Là où je veux en venir, c'est que l'on devrait éliminer le plafond de 2 p. 100 et prévoir de nouveaux taux d'indexation justes, et tout ceci devrait se faire dans le cadre de discussions avec l'Assemblée des Premières Nations.

Il ne s'agirait pas de négociations mais de discussions, afin que l'Assemblée des Premières Nations soit entièrement au courant des facteurs qui ont contribué à la prise de décisions concernant les nouveaux taux d'indexation qui auront un si grand impact sur elle.
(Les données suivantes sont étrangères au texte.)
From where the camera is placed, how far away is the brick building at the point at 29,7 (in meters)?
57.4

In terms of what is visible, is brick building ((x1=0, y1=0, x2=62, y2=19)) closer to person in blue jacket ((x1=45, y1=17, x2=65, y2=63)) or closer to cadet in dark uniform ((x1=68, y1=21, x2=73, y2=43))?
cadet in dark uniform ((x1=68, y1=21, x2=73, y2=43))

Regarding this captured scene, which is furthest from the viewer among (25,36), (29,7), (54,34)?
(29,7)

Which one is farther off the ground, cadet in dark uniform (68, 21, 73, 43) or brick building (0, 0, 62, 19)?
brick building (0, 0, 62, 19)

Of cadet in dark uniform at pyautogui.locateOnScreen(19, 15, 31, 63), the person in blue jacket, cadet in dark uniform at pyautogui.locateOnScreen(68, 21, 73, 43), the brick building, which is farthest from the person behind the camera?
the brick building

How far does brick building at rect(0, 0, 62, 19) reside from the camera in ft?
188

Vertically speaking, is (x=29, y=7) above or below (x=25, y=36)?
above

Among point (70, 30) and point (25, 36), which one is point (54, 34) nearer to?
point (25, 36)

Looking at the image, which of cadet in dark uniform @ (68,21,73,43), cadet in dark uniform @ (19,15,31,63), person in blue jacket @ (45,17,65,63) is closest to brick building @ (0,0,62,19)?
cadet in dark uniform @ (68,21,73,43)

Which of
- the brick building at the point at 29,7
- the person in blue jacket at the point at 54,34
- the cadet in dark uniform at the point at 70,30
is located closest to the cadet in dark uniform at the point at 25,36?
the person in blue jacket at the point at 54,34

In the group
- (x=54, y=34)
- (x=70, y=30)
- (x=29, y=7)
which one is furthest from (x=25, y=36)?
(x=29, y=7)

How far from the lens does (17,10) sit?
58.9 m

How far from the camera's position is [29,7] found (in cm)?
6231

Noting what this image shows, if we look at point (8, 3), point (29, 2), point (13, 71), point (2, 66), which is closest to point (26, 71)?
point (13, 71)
Le sénateur Watt : Permettez-moi d'utiliser un exemple dont je suis au courant. Il y a quelques années, il y a eu des inondations au Manitoba et, d'après ce que j'entends, les sinistrés logent toujours à l'hôtel. Lorsqu'une telle crise se pointe, vous n'avez pas de réserves. Faut-il que le ministère participe à la prise de décisions concernant les fonds attribués à l'éducation, à la santé, au logement ou à l'infrastructure pour répondre à un besoin particulier dans un exercice donné? Que faites-vous, ou faites-vous même quelque chose? D'après ce que je comprends, les sinistrés sont toujours victimes de ces inondations. Plusieurs années se sont écoulées déjà. Je crois que vous connaissez très bien ce cas.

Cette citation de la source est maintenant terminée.